EXERCISE GOAL
Copy out, unchanged, the entries below from the "thumbnail image 6" line to the final line. Omit pictures.

[Captioned web images]
================
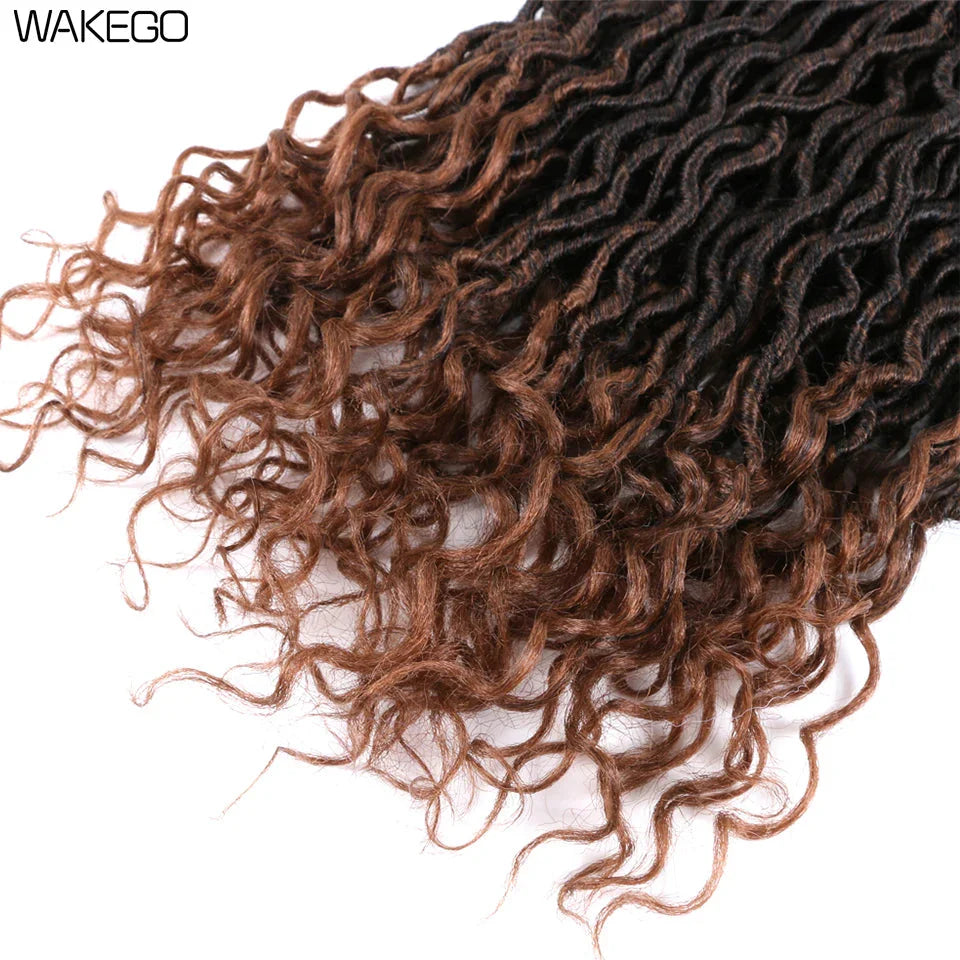 Goddess Faux Locs Crochet Hair | 18" Soft Curly Braids | Ombre Dreadlocks Extensions | 24 Strands/Pack by Luxegan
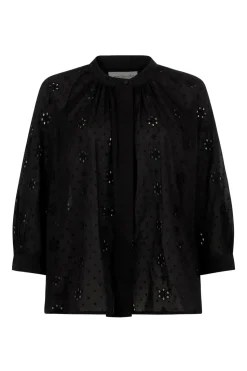 Bianca Lurex Broderie Black Blouse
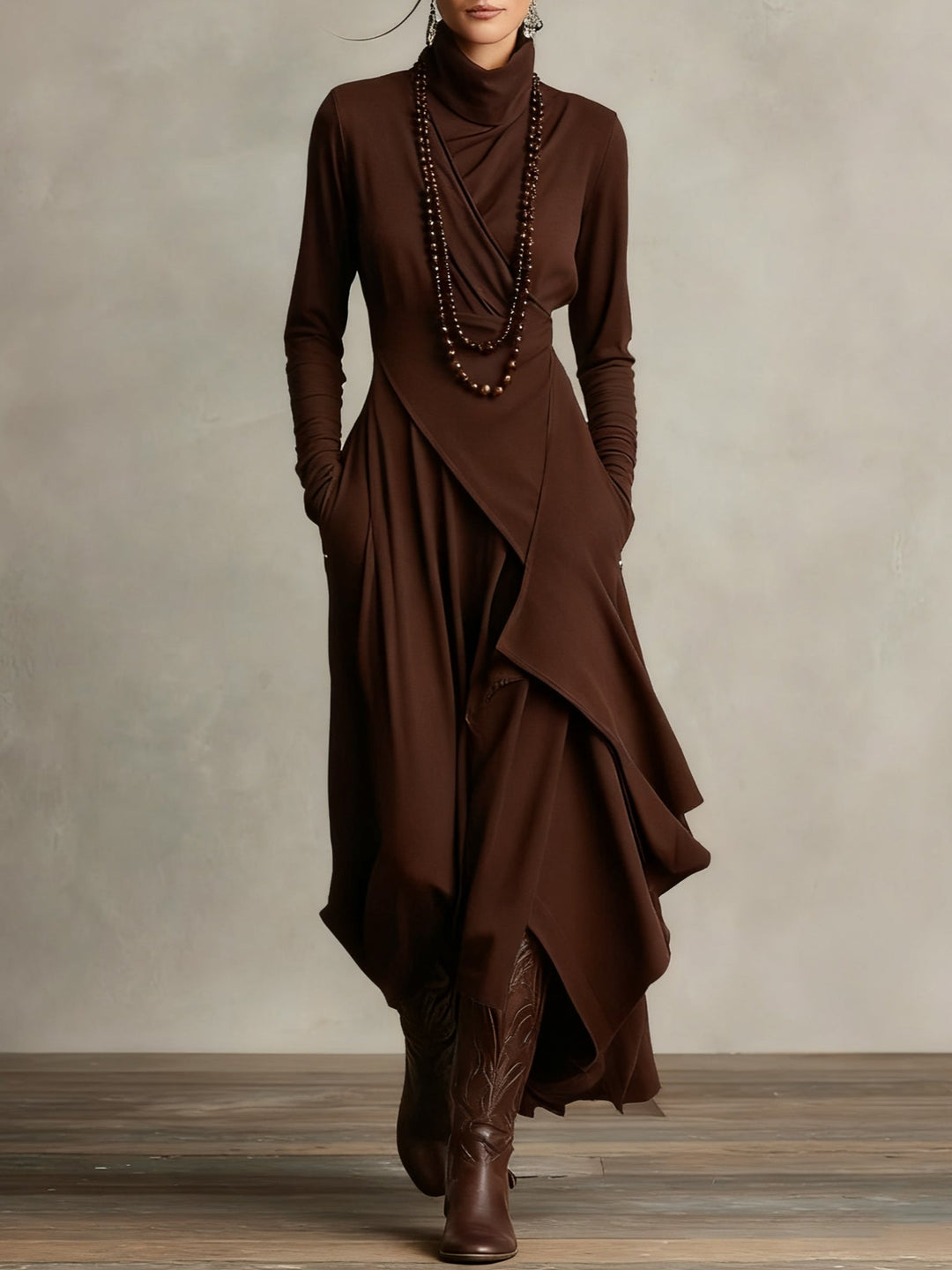 Arielle | Vintage Asymmetric Roll-Neck Dress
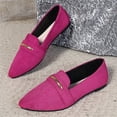 thumbnail image 6 of Domzle Women's Pointy Toe Loafer Flat Comfortable Faux Suede Work Shoes,Cute Penny Loafer Slip On Ballet Flat Hot Pink, 6 of 9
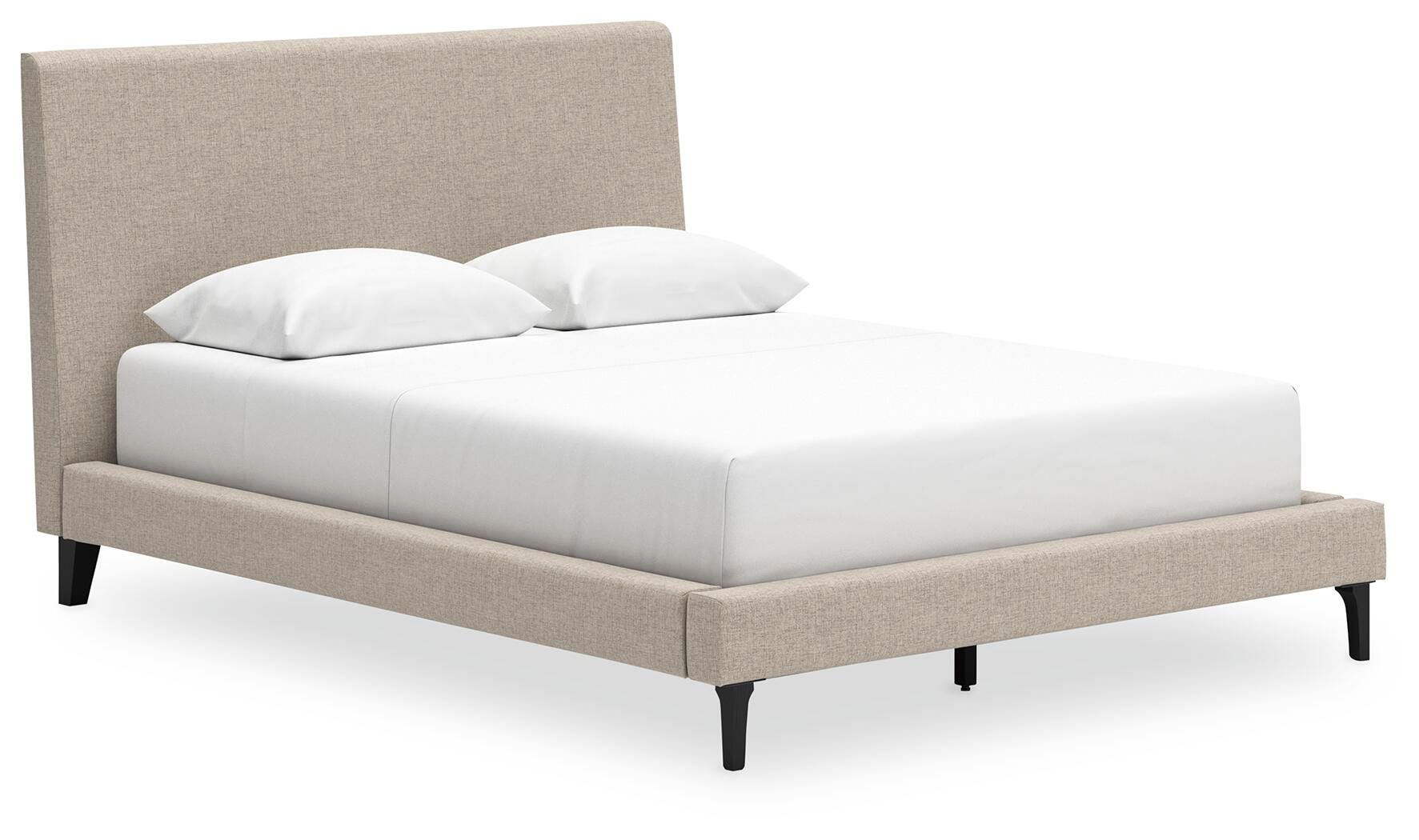 Cielden Upholstered Bed with Roll Slats, Dresser, Mirror and Chest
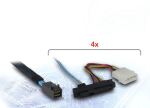 Kabel SFF 8643 - 4x 8482, SATA Power 0,6m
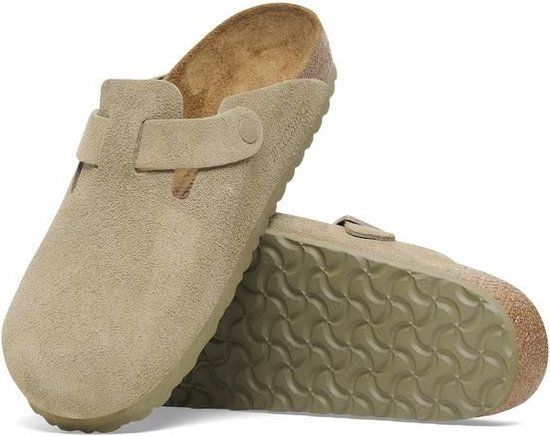 Birkenstock Boston Suede Leather Faded Khaki Slides - Unisex - Size 37 - Autumn/Winter 2024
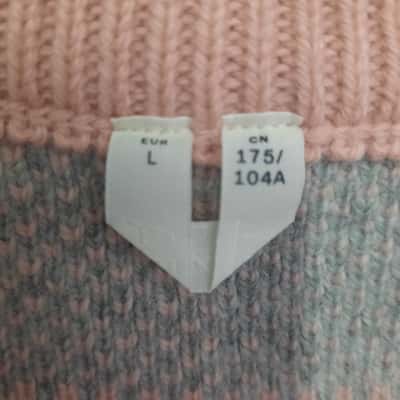 ARKET Pink and Grey Checked 100% Wool Pullover / Vest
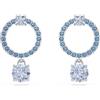 Swarovski Orecchini pendenti Attract, Taglio Round, Blu, Placcato rodio
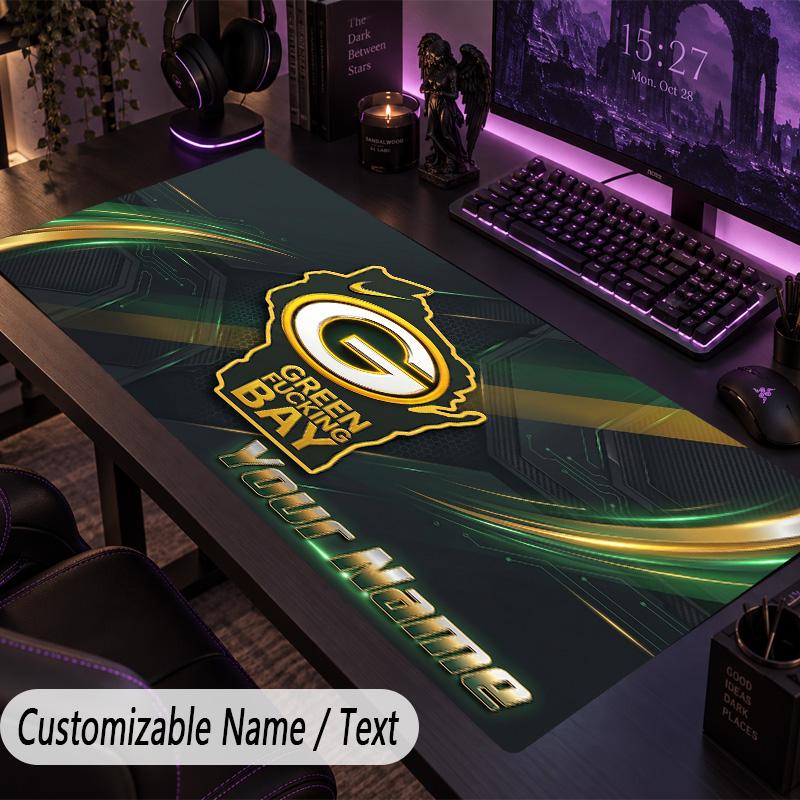 Large Mouse PadGreen Bay Packers Custom Name Text Personalized Desk Mat Non Slip Gaming Pad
================
COMPLETED TASK
 thumbnail image 6 of Domzle Women's Pointy Toe Loafer Flat Comfortable Faux Suede Work Shoes,Cute Penny Loafer Slip On Ballet Flat Hot Pink, 6 of 9
 Cielden Upholstered Bed with Roll Slats, Dresser, Mirror and Chest
 Kabel SFF 8643 - 4x 8482, SATA Power 0,6m
 Birkenstock Boston Suede Leather Faded Khaki Slides - Unisex - Size 37 - Autumn/Winter 2024
 ARKET Pink and Grey Checked 100% Wool Pullover / Vest
 Swarovski Orecchini pendenti Attract, Taglio Round, Blu, Placcato rodio
 Large Mouse PadGreen Bay Packers Custom Name Text Personalized Desk Mat Non Slip Gaming Pad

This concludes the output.